The HSV virus only rarely can be cultured from CSF. As a result, PCR analysis of the CSF is the preferred diagnostic test in HSE as it is highly sensitive and specific in making the diagnosis and will remain positive up to 5 days after the initiation of antiviral therapy [2, 3 and 7].
Electroencephalography (EEG) can be of value in confirming the diagnosis of HSE. Characteristic periodic high-voltage spike wave activity emanating from the temporal lobes and slow wave complexes are highly suggestive of HSE. These findings are present in four-fifths of biopsy-proven cases of HSE, and have a sensitivity of 84% and specificity of 33% [1 and 2].
Historically, brain biopsy was considered the only definitive means of diagnosing HSE [1]. However, since the advent of PCR analysis of CSF, the role of biopsy has markedly diminished.
Standard pharmacotherapy for HSE is intravenous Acyclovir at a dose of 10 mg/kg every 8 h, with dose adjustment for renal insufficiency.

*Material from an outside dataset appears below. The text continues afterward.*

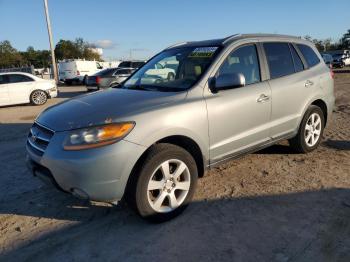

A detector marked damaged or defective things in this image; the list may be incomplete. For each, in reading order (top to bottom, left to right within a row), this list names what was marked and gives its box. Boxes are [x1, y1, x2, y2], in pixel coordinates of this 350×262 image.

damaged vehicle [26, 33, 334, 222]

Acyclovir has completely supplanted Vidarabine, which is less effective and more toxic [8]. Intravenous Acyclovir should be initiated as soon as the diagnosis of HSE is suspected rather than delayed until the diagnosis is confirmed; delayed initiation of Acyclovir treatment for more than 2 days after hospital admission is associated with poor outcomes [9].

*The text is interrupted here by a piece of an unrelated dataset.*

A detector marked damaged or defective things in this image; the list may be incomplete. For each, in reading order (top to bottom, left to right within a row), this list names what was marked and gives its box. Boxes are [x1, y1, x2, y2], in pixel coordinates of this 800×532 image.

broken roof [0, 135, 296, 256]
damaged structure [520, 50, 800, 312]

HSE is progressive and often is fatal in 7 to 14 days if not treated. A landmark study by Whitley et al. in 1977 reported a 70% mortality rate in untreated patients and severe neurological deficits in most survivors [1 and 4]. Even in treated cases of HSE, the mortality rate is still high, while complications and neurological sequelae are also common [10].

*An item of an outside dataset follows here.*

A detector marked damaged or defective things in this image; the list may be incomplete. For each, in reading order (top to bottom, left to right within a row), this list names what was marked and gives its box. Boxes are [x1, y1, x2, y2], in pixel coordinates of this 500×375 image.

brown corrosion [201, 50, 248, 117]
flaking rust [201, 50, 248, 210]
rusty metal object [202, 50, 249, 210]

Herpes simplex virus infection of the brain is the only viral CNS infection
for which therapy has been proven useful in controlled trials. Successful
therapy depends on considering the possibility of the disease and the early
institution of antiviral therapy. The presence of CSF pleocytosis and elevated
protein in a patient with encephalopathy in the absence of identifiable
pathogens should be considered due to HSV until proven otherwise.